【UFC125】エドガーがドロー防衛、メイナードは納得できず
■第11試合 UFC世界ライト級選手権試合/5分5R
[王者]フランク・エドガー(米国)
Draw.5R終了/引き分け
[挑戦者]グレイ・メイナード(米国)
左へ回りながら、まずはローを打ち込んだチャンピオン・エドガーは、距離を詰めて、非常にスピードの乗ったワンツーを見せる。受け止めるように拳を返すメイナードだったが、エドガーは既に距離を取り直している。
それでも前に出るところにパンチを合わせるメイナード。左がヒットし、尻もちをついたエドガーを追いかけて、メイナードは右をヒットさせる。棒立ちのエドガーにダーティーボクシングからアッパーを連打。グラウンドに崩れ落ちながら、ケージに向かって立ち上がるチャンピオンをメイナードのパンチが襲い続ける。
打ち疲れを恐れてか、メイナードがペースを落すと、エドガーは組みついてリカバリーへ。再び打撃戦の間合いになると、鼻血を流すエドガーにメイナードの左、そして右がテンプルを打ち抜く。さらに右を一発打ち込んだメイナードに対し、シングルを見せて息を整えたエドガーは再びスタンドへ。恐るべきタフネスぶりを見せるエドガーは、そのままバックステップから前に出てワンツーを習性のように見せる。
前に出で左ボディからニーを蹴り上げたメイナード。ラウンド終了のホーンがなると、圧倒的に攻め続けたメイナードが呆れたような表情を浮かべた。
2R、切れのある左ミドルを放つエドガー、初回にパニッシュメントを受けたことがウソのような動きを見せ、ローから右を打ち込む。組みつこうとしたメイナードに対し、スクッと距離を取るエドガーは、右へ左へ回りながら、前に出てジャブを放つ。
メイナードの右ボディを受けてなお、動き続けるエドガー。メイナードも初回の猛攻を忘れ、慎重な姿勢を取らざるを得なくなる。と、メイナードの左にエドガーの右がクロスがヒットする。続いてメイナードのテイクダウン狙いを簡単に切ったエドガーは、信じられないリカバリー振りを見せている。
素早い左ジャブで翻弄するエドガーは、前に出てきたメイナードから完全なタイミングでダブルレッグを決める。腰をずらし、立ち上がったメイナードだが、1Rの猛攻がまるでなかったかのように王者がペースを握る。鋭い踏み込みから右を伸ばしたエドガー。メイナードは再びテイクダウン狙いを切られると、またも右を受ける。完全に盛り返したエドガーは2Rを終え、メイナード陣営は「KOはいらない。
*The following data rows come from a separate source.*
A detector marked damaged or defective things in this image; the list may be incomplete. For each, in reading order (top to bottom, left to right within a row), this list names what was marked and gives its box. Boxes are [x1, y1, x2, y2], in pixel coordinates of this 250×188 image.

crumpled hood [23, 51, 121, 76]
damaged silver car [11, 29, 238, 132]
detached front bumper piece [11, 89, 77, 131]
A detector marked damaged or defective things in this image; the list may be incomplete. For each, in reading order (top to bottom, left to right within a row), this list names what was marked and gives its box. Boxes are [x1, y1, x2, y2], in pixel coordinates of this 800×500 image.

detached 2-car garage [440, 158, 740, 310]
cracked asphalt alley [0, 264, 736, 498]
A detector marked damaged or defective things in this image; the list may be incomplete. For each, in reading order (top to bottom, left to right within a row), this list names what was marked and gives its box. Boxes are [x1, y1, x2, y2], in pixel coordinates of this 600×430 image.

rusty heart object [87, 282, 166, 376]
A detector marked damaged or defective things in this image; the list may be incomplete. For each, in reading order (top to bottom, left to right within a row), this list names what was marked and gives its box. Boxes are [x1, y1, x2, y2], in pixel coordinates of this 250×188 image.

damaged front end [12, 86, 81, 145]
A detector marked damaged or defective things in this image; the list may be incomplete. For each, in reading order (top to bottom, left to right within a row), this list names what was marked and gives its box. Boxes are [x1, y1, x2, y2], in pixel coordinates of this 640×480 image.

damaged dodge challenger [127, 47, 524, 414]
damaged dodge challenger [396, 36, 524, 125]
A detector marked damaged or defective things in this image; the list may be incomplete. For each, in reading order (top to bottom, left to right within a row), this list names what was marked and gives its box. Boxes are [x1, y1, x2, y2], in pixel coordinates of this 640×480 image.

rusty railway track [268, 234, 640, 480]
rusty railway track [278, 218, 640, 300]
組み立て直せ」と指示を送った。
3R、初回のように入ってくるところにパンチを合わせたいメイナードだが、スピードが増したエドガーをなかなか捉えることができない。と、左ボディから右ローと引き出しの多さを見せる王者が、軽快に左へ回りながらパンチを繰り出す。
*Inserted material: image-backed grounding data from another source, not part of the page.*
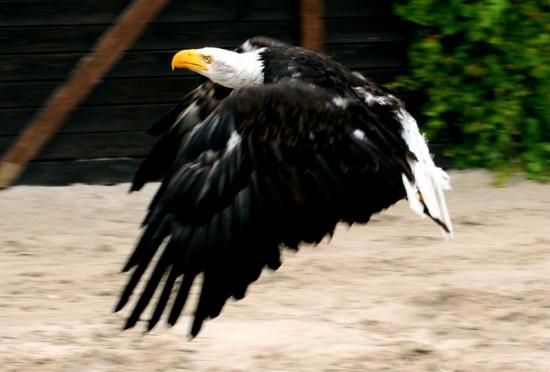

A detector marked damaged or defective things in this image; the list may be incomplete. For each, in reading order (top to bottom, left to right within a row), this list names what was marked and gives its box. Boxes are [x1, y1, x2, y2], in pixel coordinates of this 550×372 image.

rusty metal beam [0, 0, 171, 187] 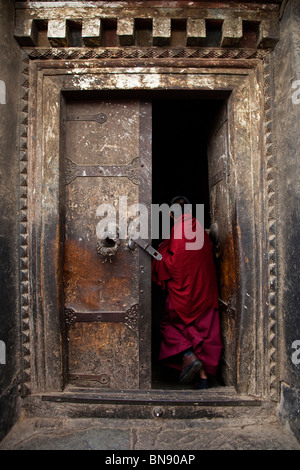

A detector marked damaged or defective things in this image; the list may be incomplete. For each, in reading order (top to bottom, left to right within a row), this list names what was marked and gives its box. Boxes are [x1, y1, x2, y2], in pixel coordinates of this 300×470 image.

rusty metal door panel [64, 99, 151, 390]
rusty metal door panel [207, 99, 236, 386] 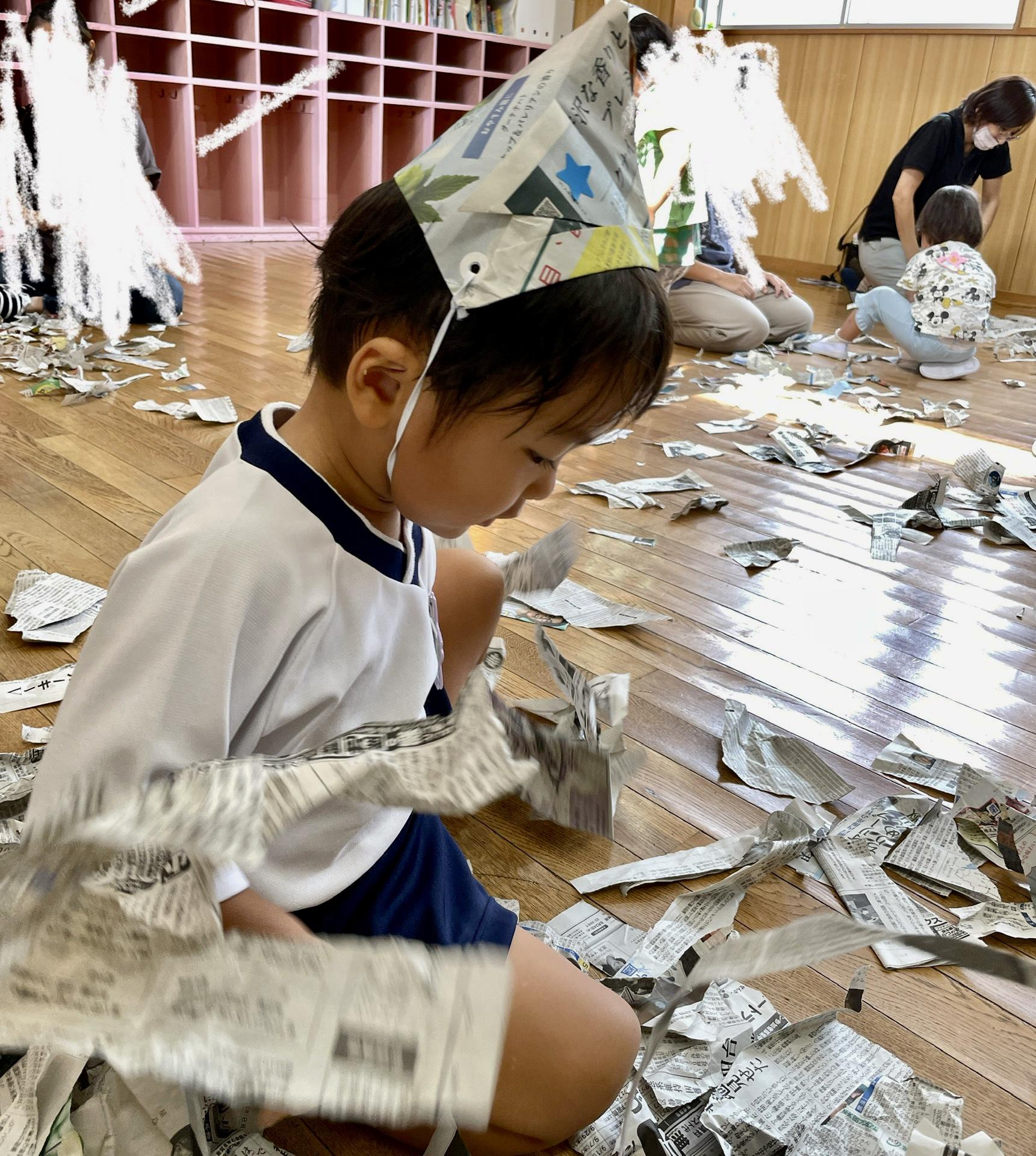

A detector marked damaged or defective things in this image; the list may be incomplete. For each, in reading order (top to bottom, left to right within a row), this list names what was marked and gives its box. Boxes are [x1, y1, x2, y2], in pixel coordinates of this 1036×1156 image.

torn newspaper strip [490, 524, 578, 596]
torn newspaper strip [721, 538, 800, 571]
torn newspaper strip [721, 703, 851, 804]
torn newspaper strip [874, 730, 971, 795]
中央で構えるメイナードも、無理に追いかけることなく左を繰り出す。出てくる瞬間、パンチを見せるメイナードに対し、その前に出てくることころで、すぐにステップバックを見せるエドガーは、ここでもメイナードのシングルを切る。
互いに一呼吸置いたような3Rも、残り2分を切り、王者が左ミドルを見せる。一瞬、バランスを崩したエドガーだが、メイナードのシングルは食わない。エドガーの左に、右を合わせたメイナードは、ボディから右を決める。さらにアッパー、左フックを決めたメイナード。エドガーが再び、鼻血を滴らせる。
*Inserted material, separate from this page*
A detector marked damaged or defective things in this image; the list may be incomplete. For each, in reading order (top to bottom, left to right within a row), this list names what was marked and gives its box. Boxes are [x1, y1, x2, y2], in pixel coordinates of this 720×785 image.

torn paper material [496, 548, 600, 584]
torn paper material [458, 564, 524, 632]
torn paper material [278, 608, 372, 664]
踏み込んで蹴りを見せたエドガー。メイナードがここで腰をコントロールし、テイクダウン。尻もちをついたエドガーは背中をあずけてアームロックを見せるが、メイナードがクリーンテイクダウンを決める。
腕を固めた状態のままのエドガーに対し、パスから腕関節を仕掛けようとするメイナード。腕を解いたエドガーが、ギロチンを見せたところで3Rが終了、挑戦者が再び取り直した。
4R序盤、素早いジャブを交錯するなか、エドガーがシングルレッグを見せ、立ち上がろうとしたメイナードをギロチンで捕える。
距離を取り直したエドガーは、ここで完全なタイミングでテイクダウンを奪う。バックに回り込もうとしたエドガーだが、メイナードは胸を合わせる。距離を取った両者、エドガーのスピードが、やや動きの落ちたメイナードを翻弄する。テイクダウン狙いをバービーで防いだエドガーが立ち上がったところに、メイナードはパンチを見せるなど、死力を尽くした総力戦が続く。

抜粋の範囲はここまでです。